*Task requirements*: Retype each line of the data below exactly, beginning with the first and ending with the one that contains "Carte de notes". Pictures do not belong in the copy.

*Brief descriptive captions*:
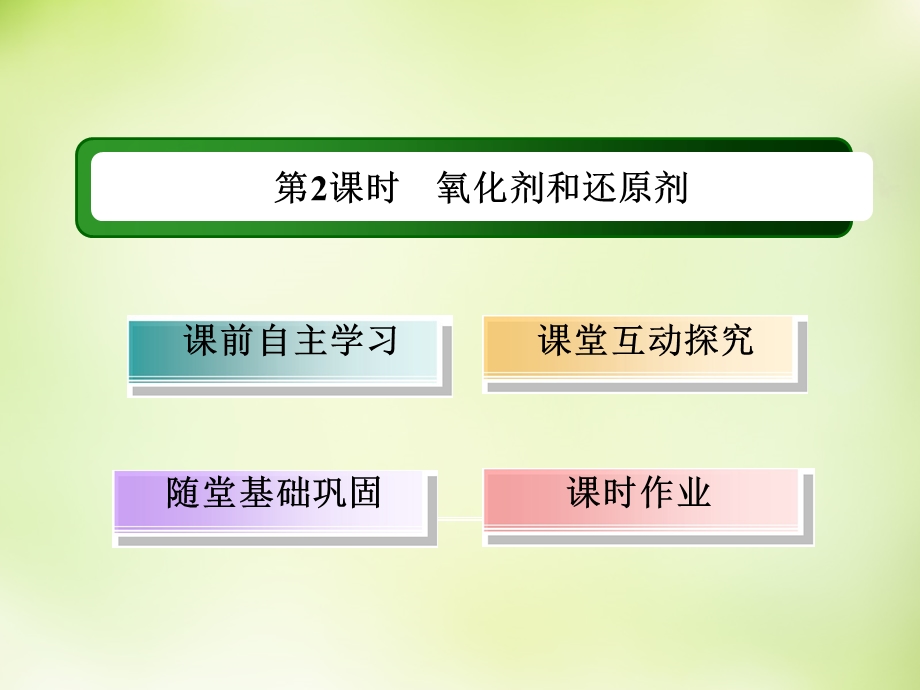 2015-2016学年高一化学人教版必修1课件：2.3.2氧化剂和还原剂 .ppt_第3页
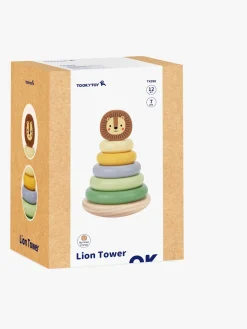 Tooky Toy Løve Stabeltårn, Multifarvet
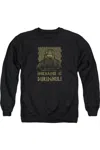 Gildan Lord Of The Rings Ishkhaqwi Durugnul Adult Crewneck Sweatshirt In Black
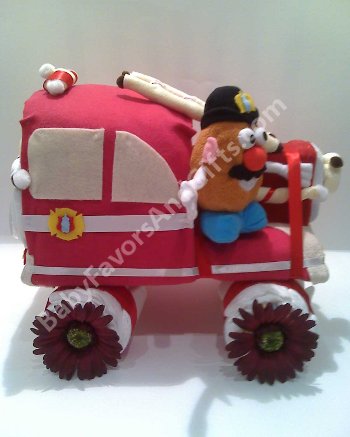 Fire Truck Diaper Cake Fire Truck Diaper Cake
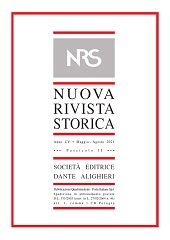 Fascicolo, Nuova rivista storica : CVI, 2, 2022, Società editrice Dante Alighieri
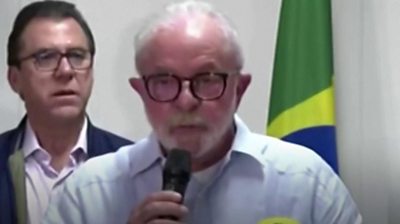 Brazilian president Luiz Inácio Lula da Silva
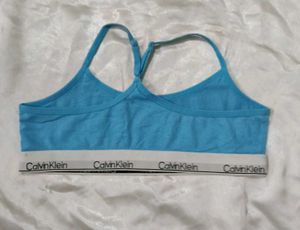 Calvin Klein Blue Sports Bra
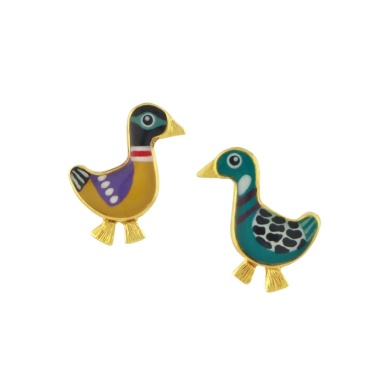 Серьги TARATATA, Jeu De L`oie, асимметричные, с цветной смолой, TT-H24-01902-20M золотистый Серьги TARATATA, Jeu De L`oie, асимметричные, с цветной смолой, TT-H24-01902-20M золотистый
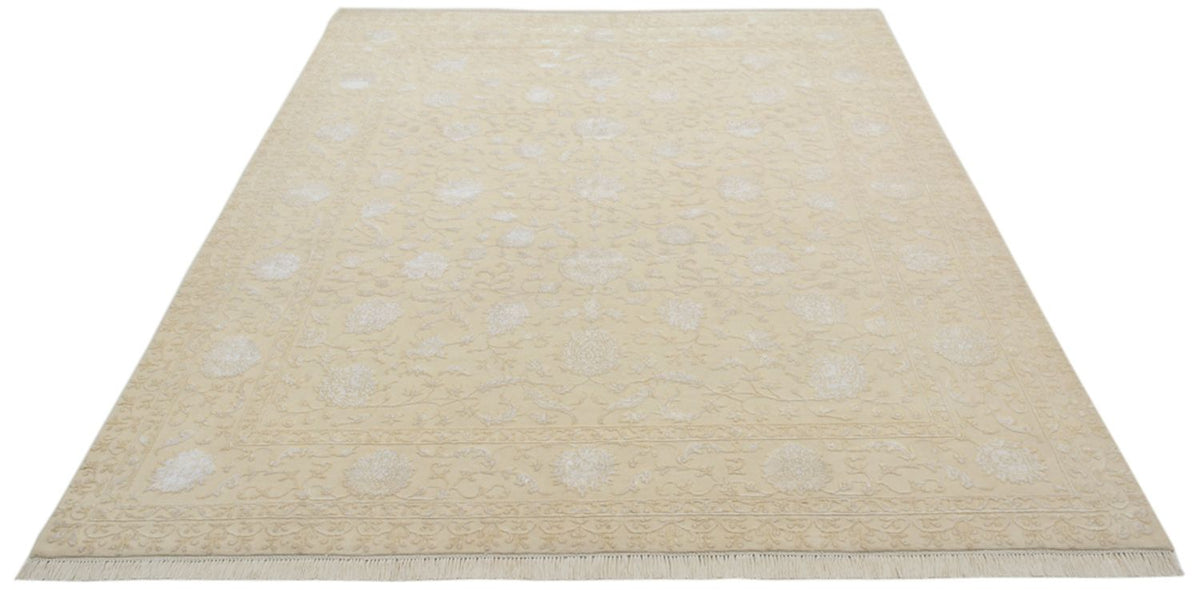 Tappeto orientale - 253 x 207 cm - beige chiaro
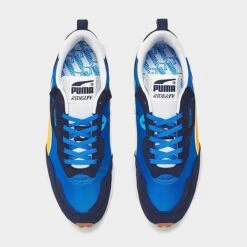Men's Puma Rider Future Vintage Casual Shoes Blue/Gold - 38718001 400 -Stealth Fit Shop 38718001 400 P5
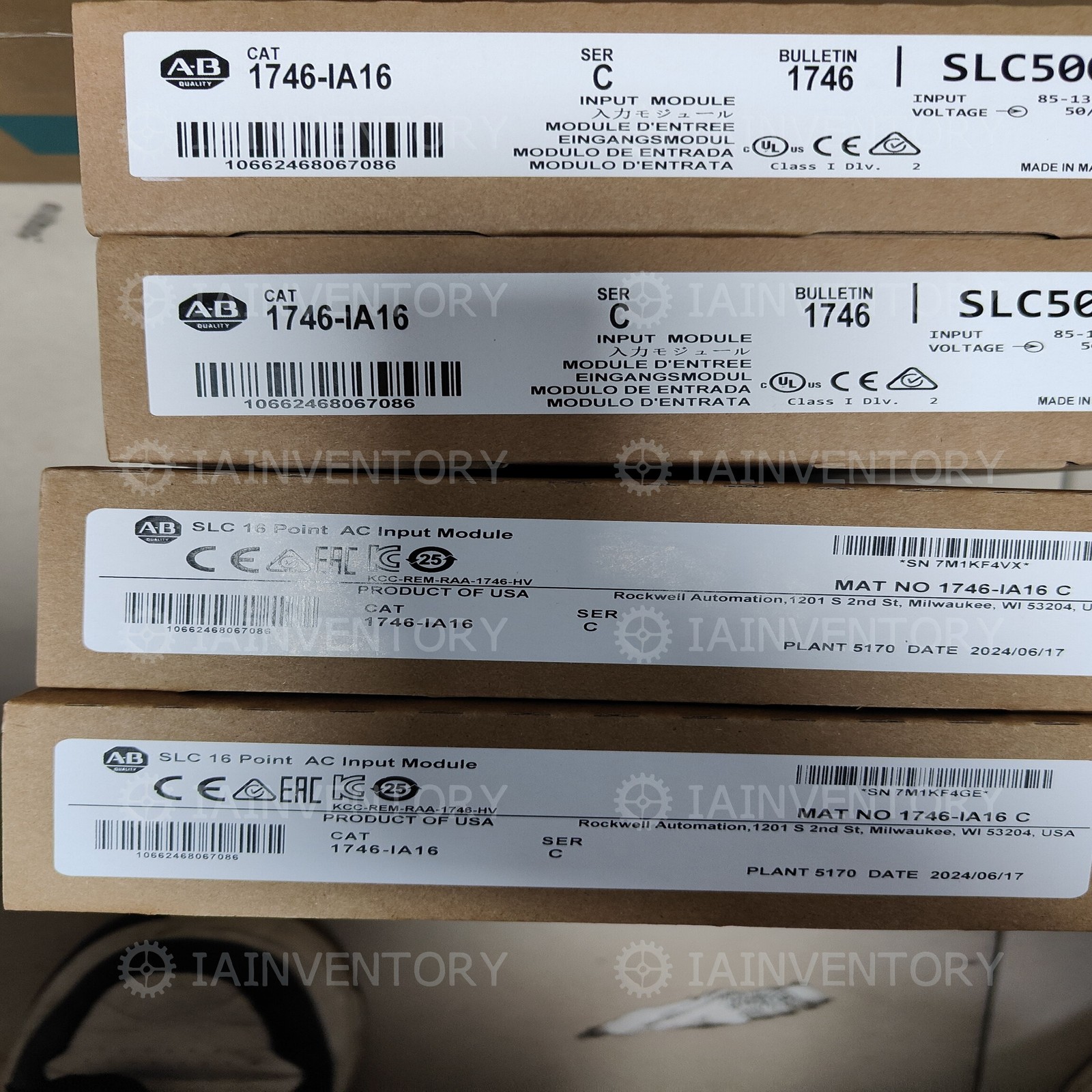 1PC New Allen-Bradley 1746-IA16 Warranty Included *Real US Stock*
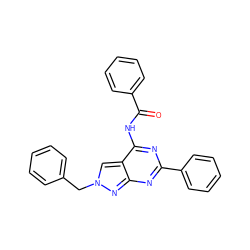 O=C(Nc1nc(-c2ccccc2)nc2nn(Cc3ccccc3)cc12)c1ccccc1 ZINC000049070971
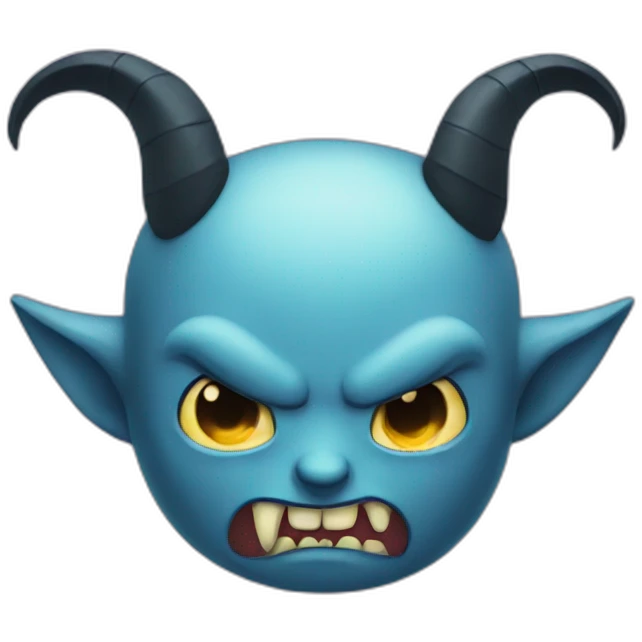 Cute demon emoji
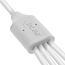 InLine® USB 4in1 Y-oplaadkabel, 1x USB-A-stekker naar 4x USB-C-stekker, wit 2m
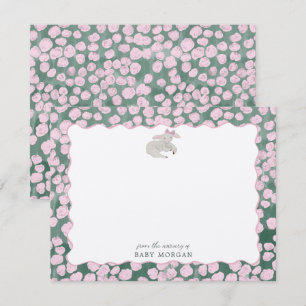 Carte de notes de nursery fantaisiste à motif d'ag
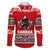 Haida Hockey Canada Family Matching Short Sleeve Bodycon Dress and Hawaiian Shirt Maple Leaf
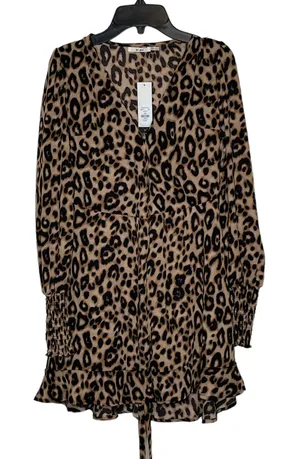 Francesca's Mi Ami Womens Slip Dress Size XXS Brown Leopard Cheetah‎ Print New thumbnail 1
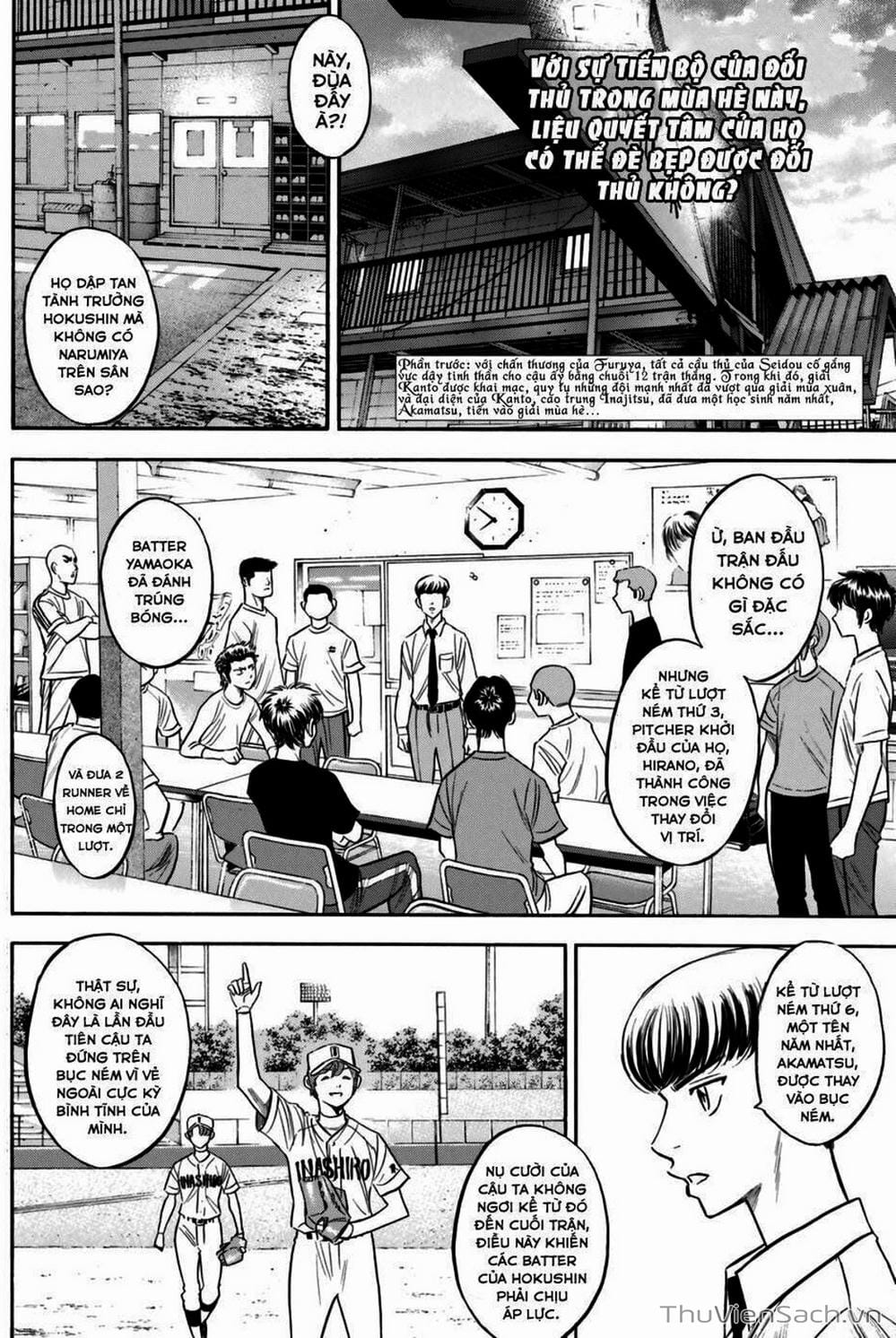 Truyện Tranh Đội Bóng Chày Siêu Đẳng - Ace Of Diamond trang 5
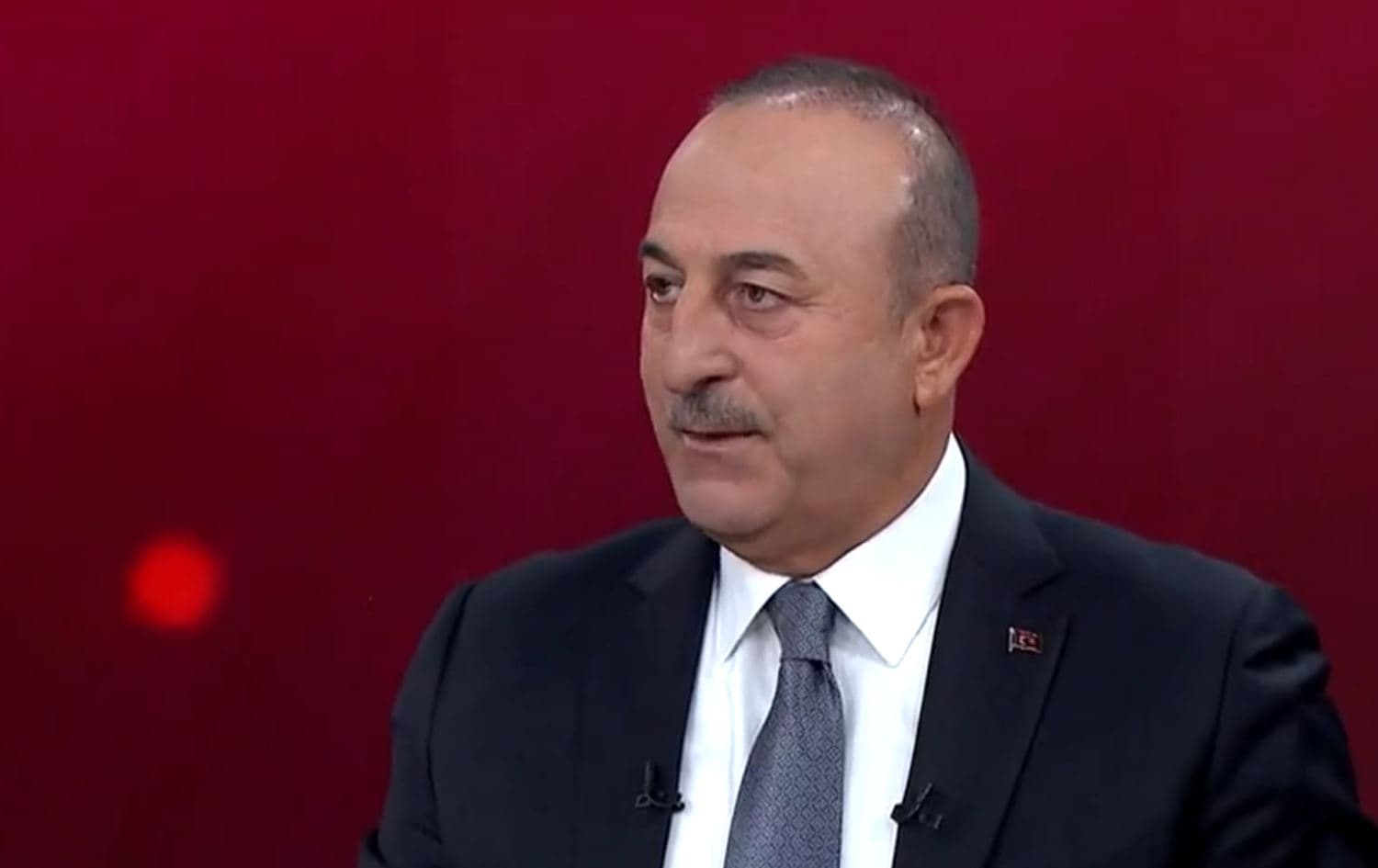 Turkish Foreign Minister Mevlut Cavusoglu speaking to TRT Haber on July 21, 2022. Photo: Screenshot/TRT Haber 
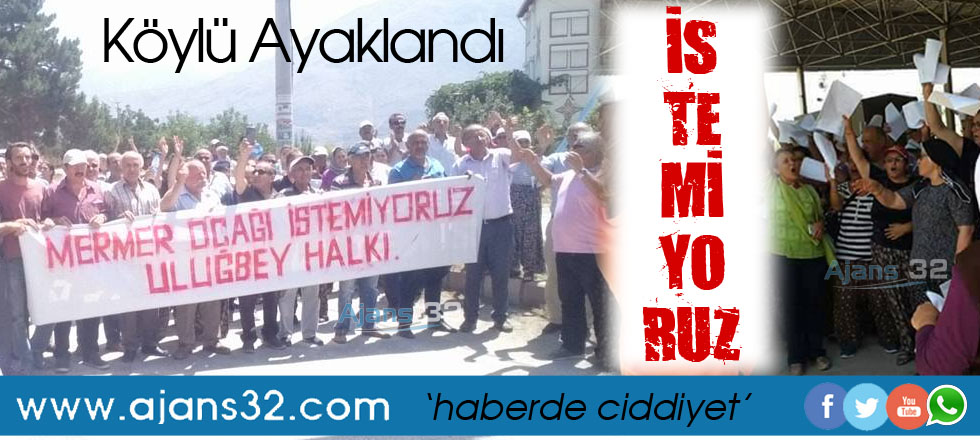 O Köy Ayaklandı / İSTEMİYORUZ!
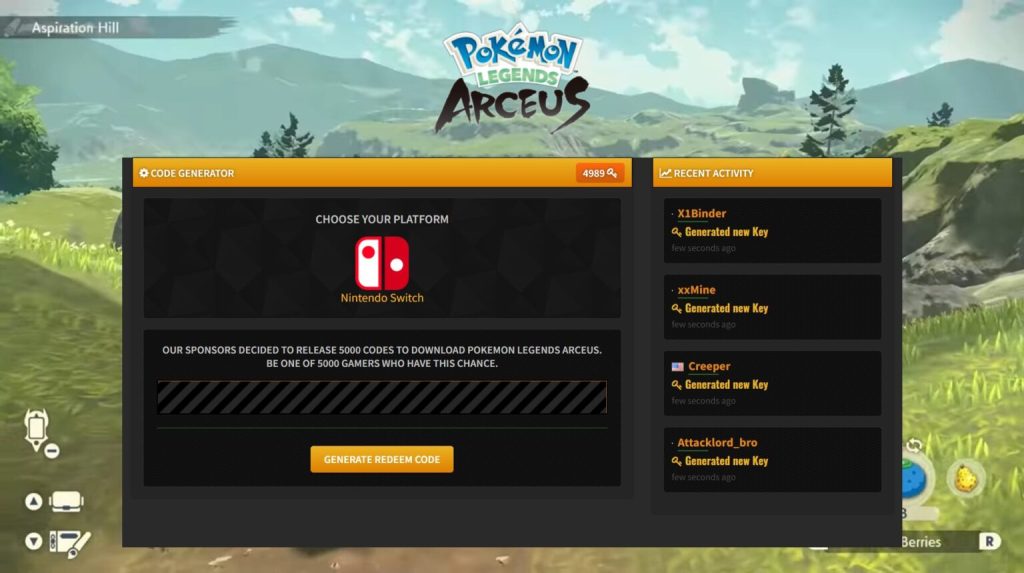 Pokemon Legends Arceus Download Code Get Your Code Now! Bancantix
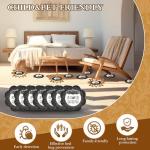 Mysora 16 Pack Bed Bug Traps Bed Bug Monitor Interceptor for Furniture Legs, Bedbug Early Detection Glue Traps, Blocks Bedbug Access to Beds/Couch/futon, Indoor Bugs Control for Home Travel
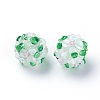 Handmade Bumpy Lampwork Beads LAMP-E021-07O-1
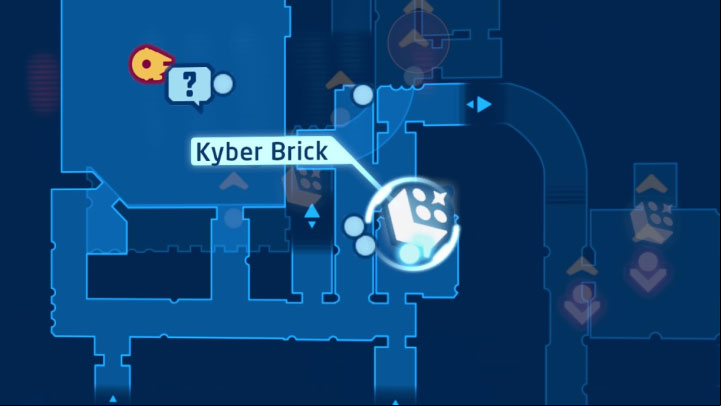 The brick is on the lower level, in the central part of the Death Star - LEGO Skywalker Saga: Death Star I (Death Star I) - unlocking and list of all puzzles - Flagships - LEGO Skywalker Saga Guide
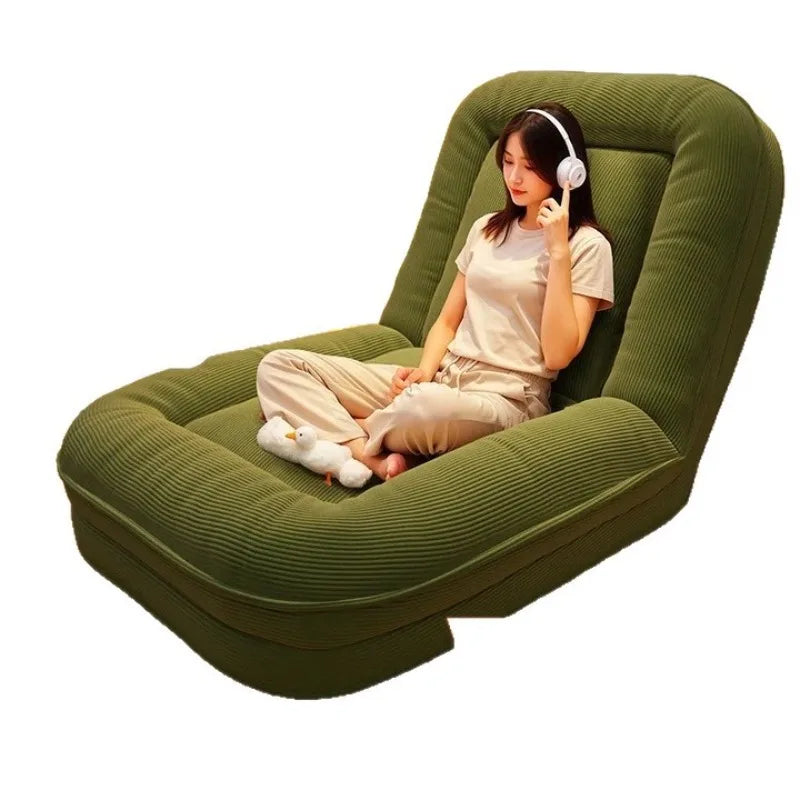 Lazy sofa reclining and sleeping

*Solution for this task*:
 2015-2016学年高一化学人教版必修1课件：2.3.2氧化剂和还原剂 .ppt_第3页
 Tooky Toy Løve Stabeltårn, Multifarvet
 Gildan Lord Of The Rings Ishkhaqwi Durugnul Adult Crewneck Sweatshirt In Black
 Fire Truck Diaper Cake Fire Truck Diaper Cake
 Fascicolo, Nuova rivista storica : CVI, 2, 2022, Società editrice Dante Alighieri
 Brazilian president Luiz Inácio Lula da Silva
 Calvin Klein Blue Sports Bra
 Серьги TARATATA, Jeu De L`oie, асимметричные, с цветной смолой, TT-H24-01902-20M золотистый Серьги TARATATA, Jeu De L`oie, асимметричные, с цветной смолой, TT-H24-01902-20M золотистый
 Tappeto orientale - 253 x 207 cm - beige chiaro
Men's Puma Rider Future Vintage Casual Shoes Blue/Gold - 38718001 400 -Stealth Fit Shop 38718001 400 P5
 1PC New Allen-Bradley 1746-IA16 Warranty Included *Real US Stock*
 O=C(Nc1nc(-c2ccccc2)nc2nn(Cc3ccccc3)cc12)c1ccccc1 ZINC000049070971
 Cute demon emoji
 InLine® USB 4in1 Y-oplaadkabel, 1x USB-A-stekker naar 4x USB-C-stekker, wit 2m
 Carte de notes de nursery fantaisiste à motif d'ag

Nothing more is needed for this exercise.